→ **Task statement**
Exactly the lines below starting at the line with "Faviana Floral A-Line" and ending at the line with "Personalized Naughty Halloween" are wanted, with both ends included. Leave out the pictures and add no other lines.

BEGIN Provided records

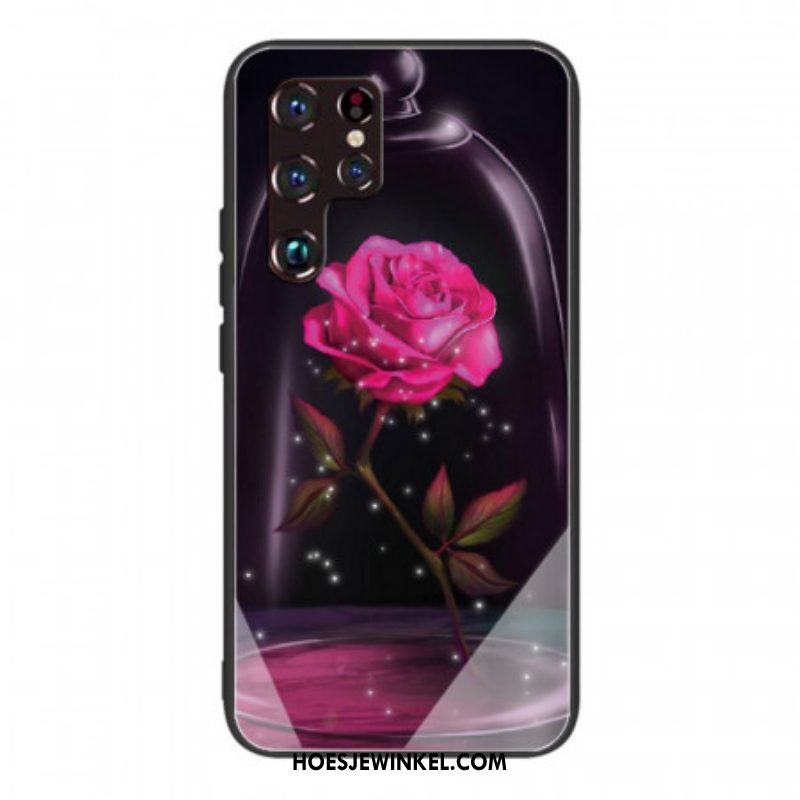 Telefoonhoesje voor Samsung Galaxy S22 Ultra 5G Magisch Roze Gehard Glas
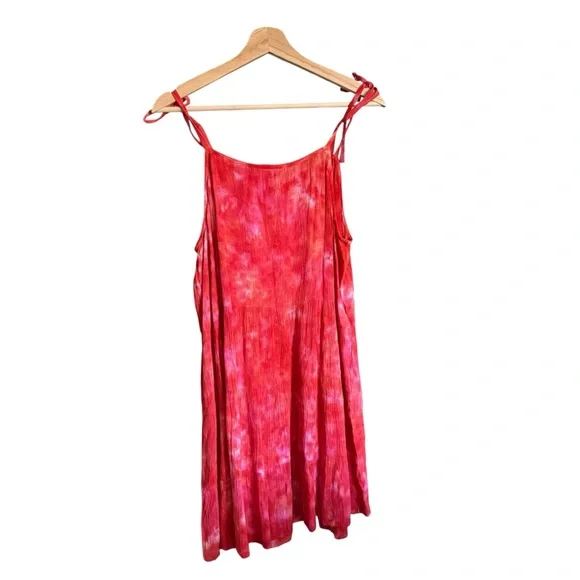 NWT Mud Pie Pink Orange Red Beach Swim Cover Up Tie Dye Dress Womens One Size - Picture 5 of 5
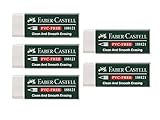 Faber-Castell 205002 188121 Goma de borrar de plástico sin PVC, blanco, 5 unidad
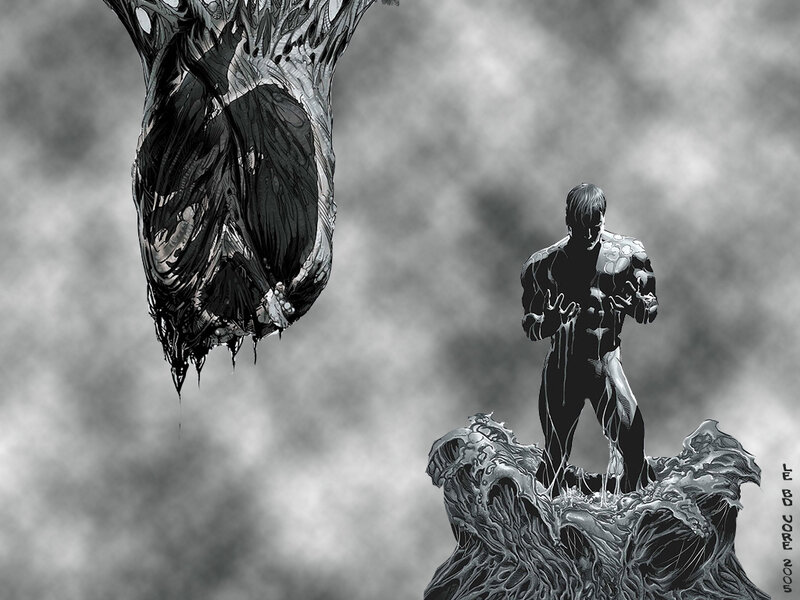 hero facing monstrous entity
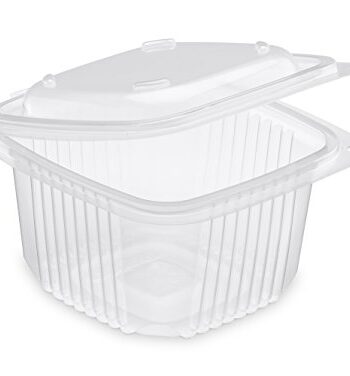 GUILLIN – ondipack OK375 Sachet de 50 Packs 375 CC Mikrowellentauglich Hat Deckel Scharnier, Polypropylen, transparent, 12,3 x 11,4 x 7,1 cm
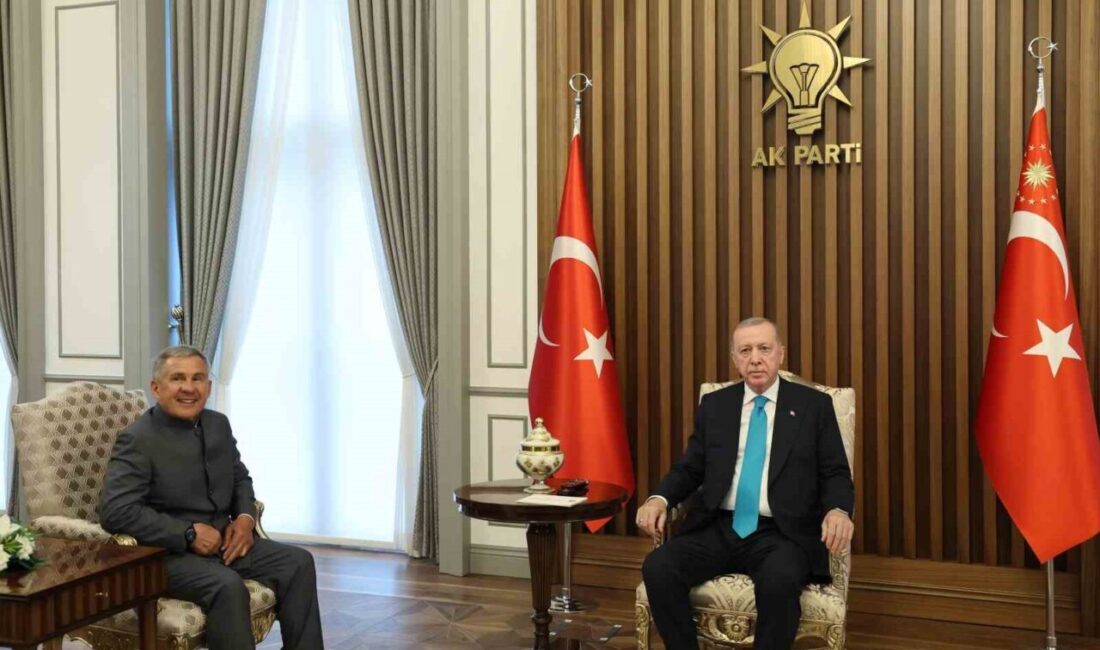 Cumhurbaşkanı Recep Tayyip Erdoğan, Tataristan Cumhurbaşkanı Rüstem Minnihanov ile bir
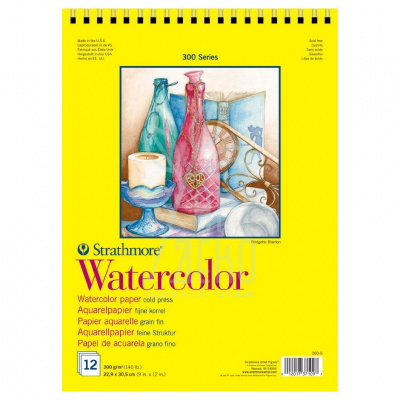 Альбом для акварелі 300 Series Watercolor Paper, спіраль, 300 г/м2, 12 л., Strathmore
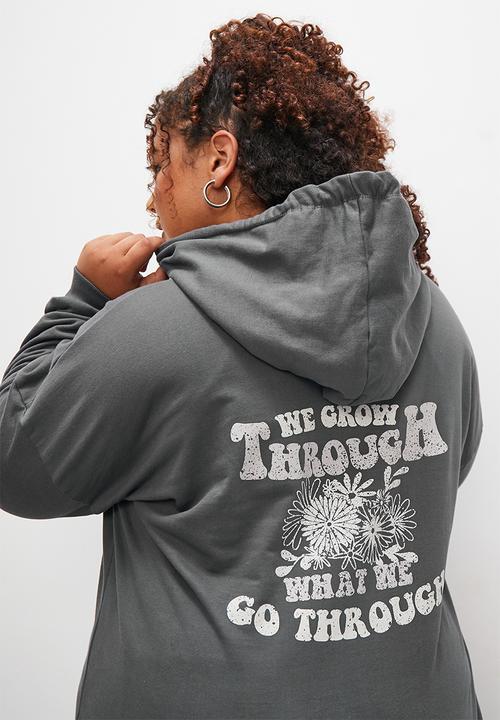 Blake - Graphic slouch hoodie - slate grey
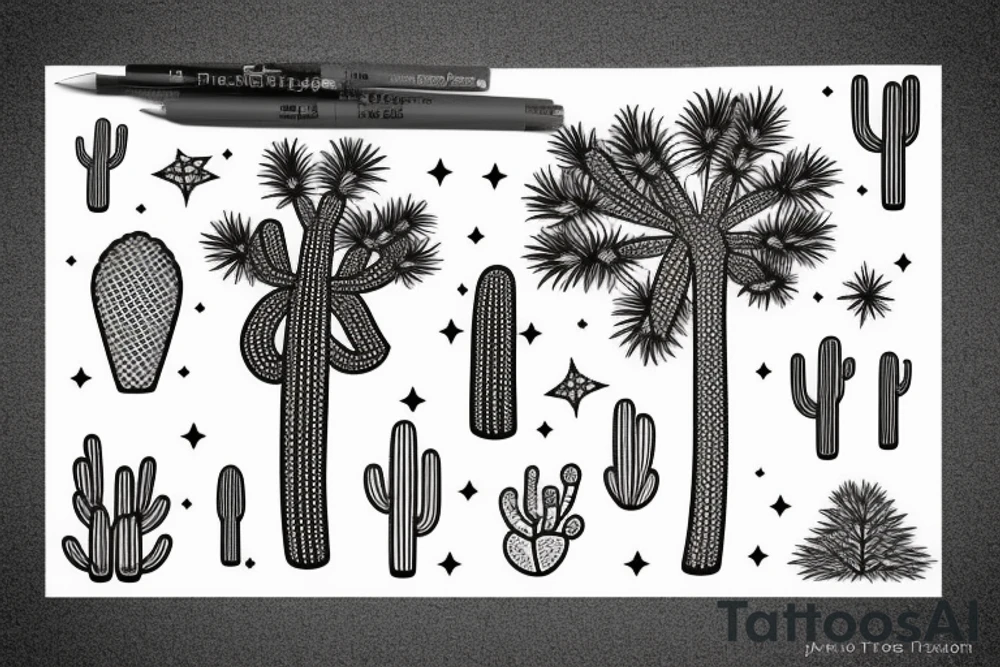 Pine tree, palm tree, cactus, in a diamond. tattoo idea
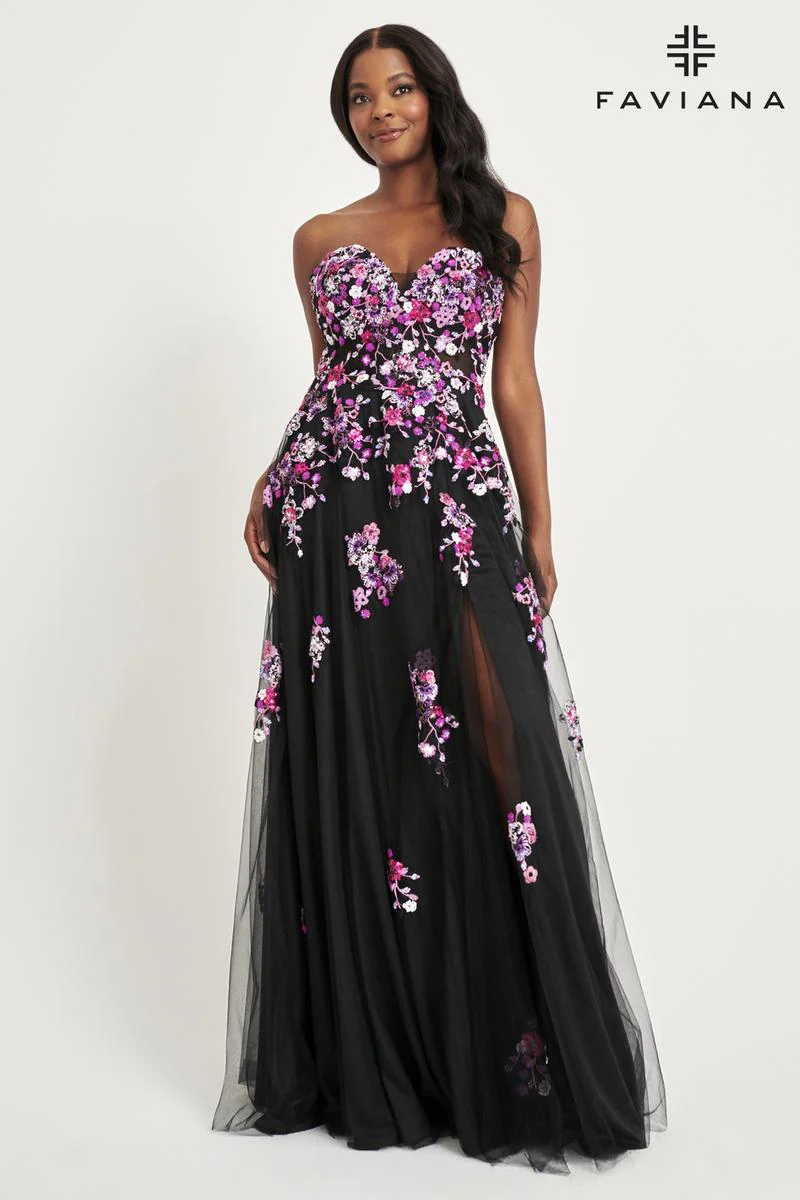 Faviana Floral A-Line Strapless Prom Dress 11028 - Image 9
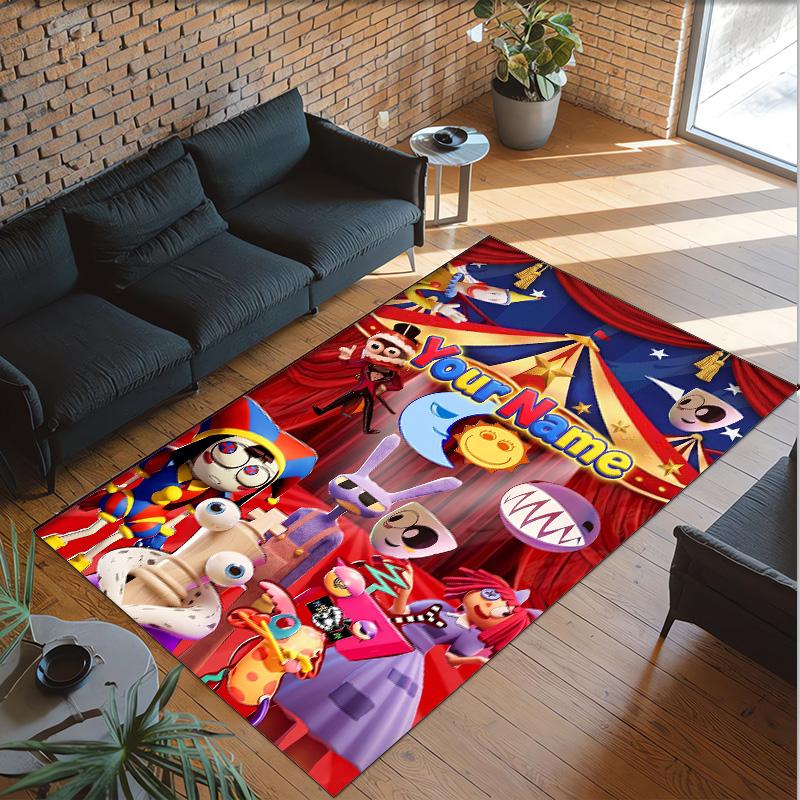 Personalized Crystal Velvet Carpet Custom Name Text,The Amazing Digital Circus Anti Slip Area Rug For Home Decoration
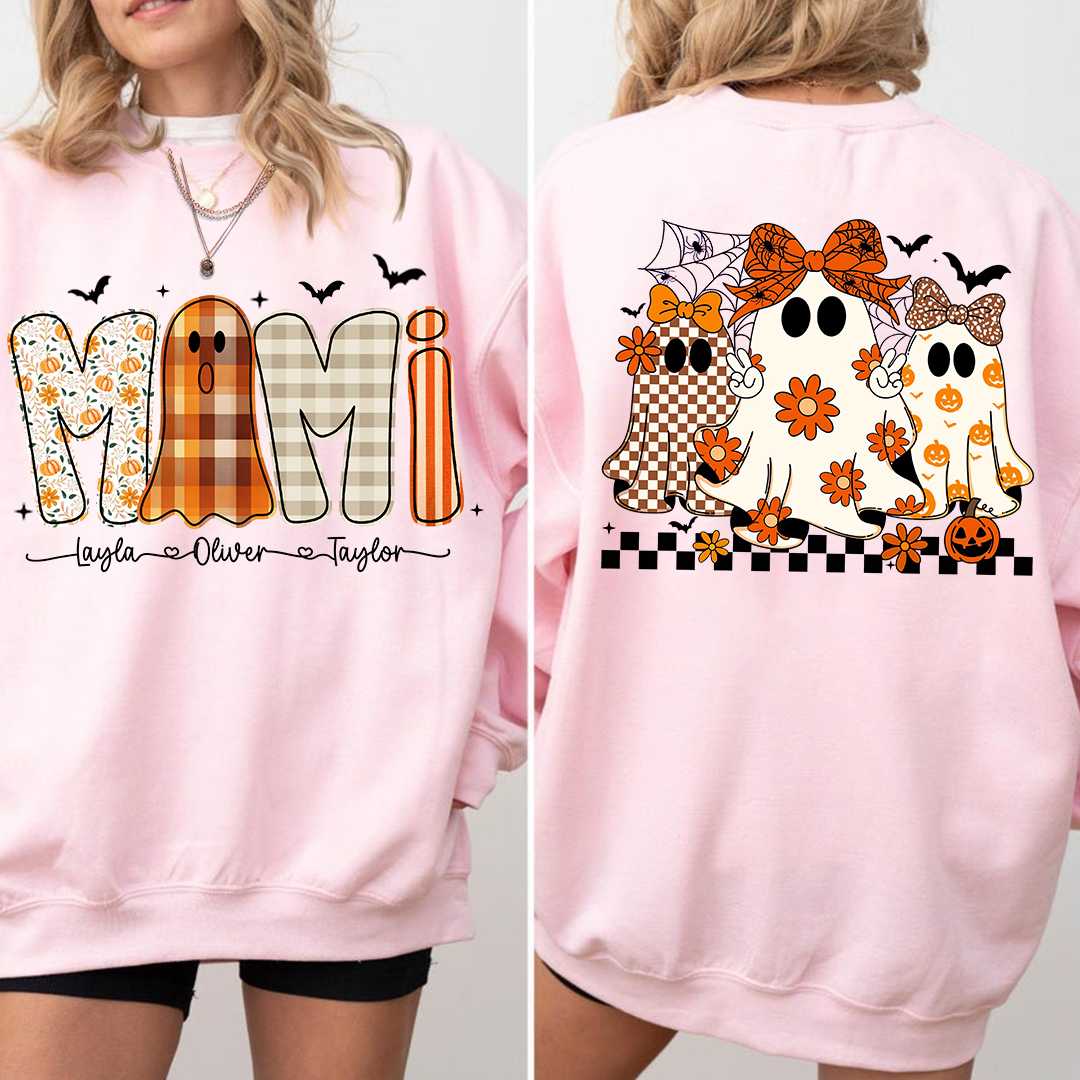 Personalized Naughty Halloween Flower Ghost, For Gift for Grandma and Kids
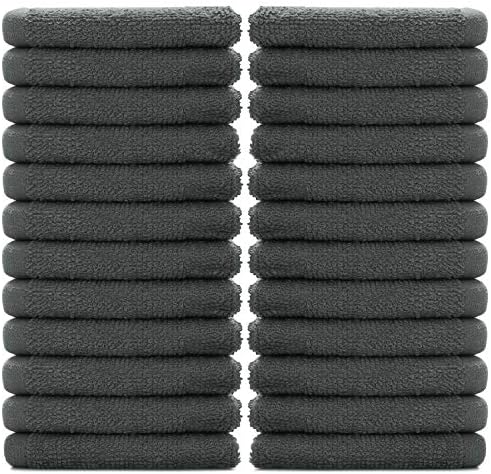 Premium 100 Cotton 24-Pack Washcloths Soft Plush Quick Dry Multi-Use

END Provided records

→ **Solved exercise**
 Faviana Floral A-Line Strapless Prom Dress 11028 - Image 9
 Personalized Crystal Velvet Carpet Custom Name Text,The Amazing Digital Circus Anti Slip Area Rug For Home Decoration
 Personalized Naughty Halloween Flower Ghost, For Gift for Grandma and Kids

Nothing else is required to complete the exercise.